• _Task to complete_:
Directions for the data below: repeat exactly the lines from the one with "vidaXL Eetstoelen met" through the one with "Xóa bộ nhớ cache", both included, and omit all pictures.

• _The data_:
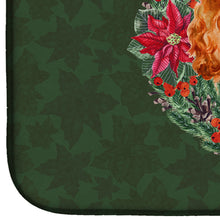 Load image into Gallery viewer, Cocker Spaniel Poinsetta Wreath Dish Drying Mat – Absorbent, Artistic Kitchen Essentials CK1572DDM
--
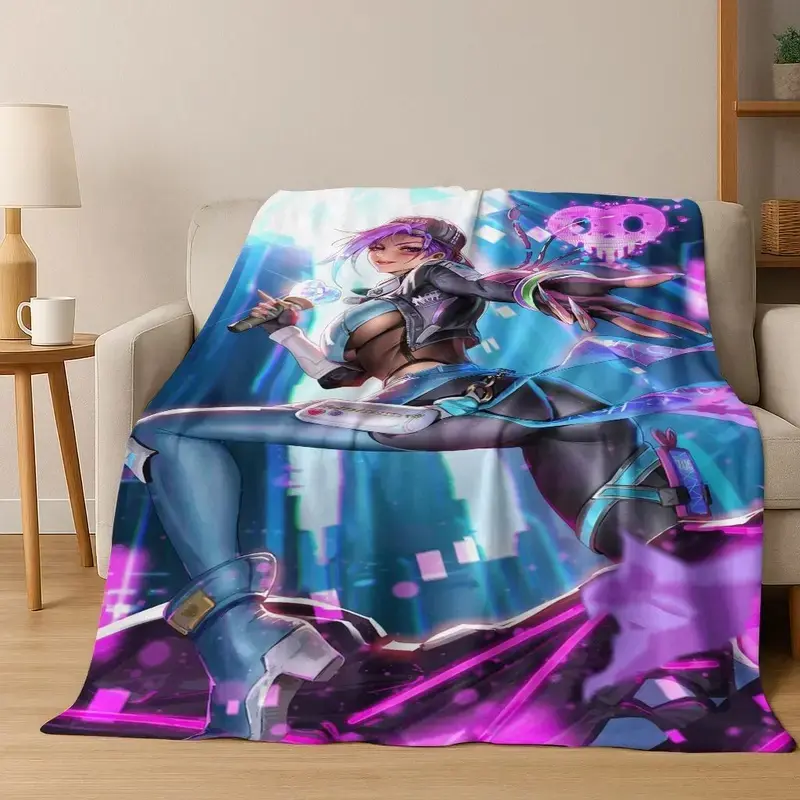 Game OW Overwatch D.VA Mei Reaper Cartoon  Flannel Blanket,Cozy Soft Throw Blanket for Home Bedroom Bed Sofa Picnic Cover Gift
---
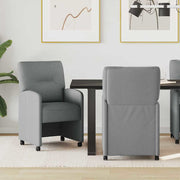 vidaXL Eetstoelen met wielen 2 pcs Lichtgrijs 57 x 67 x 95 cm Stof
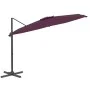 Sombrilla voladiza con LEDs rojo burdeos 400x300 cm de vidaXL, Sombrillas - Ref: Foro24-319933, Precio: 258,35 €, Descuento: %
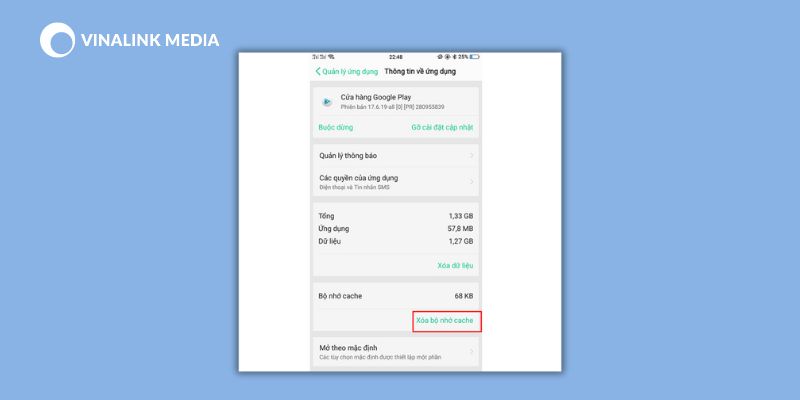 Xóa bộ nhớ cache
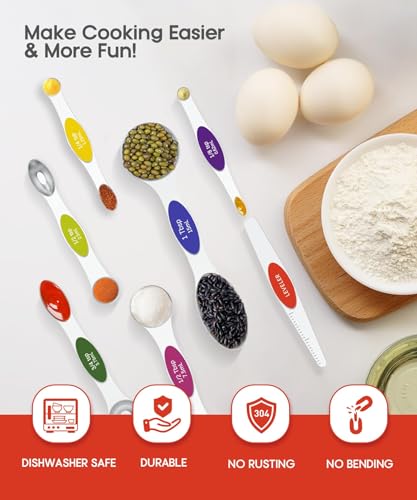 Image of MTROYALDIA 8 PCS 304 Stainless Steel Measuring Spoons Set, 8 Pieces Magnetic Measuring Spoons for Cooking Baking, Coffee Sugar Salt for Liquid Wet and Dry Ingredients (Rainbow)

• _Task output_:
 vidaXL Eetstoelen met wielen 2 pcs Lichtgrijs 57 x 67 x 95 cm Stof
 Sombrilla voladiza con LEDs rojo burdeos 400x300 cm de vidaXL, Sombrillas - Ref: Foro24-319933, Precio: 258,35 €, Descuento: %
 Xóa bộ nhớ cache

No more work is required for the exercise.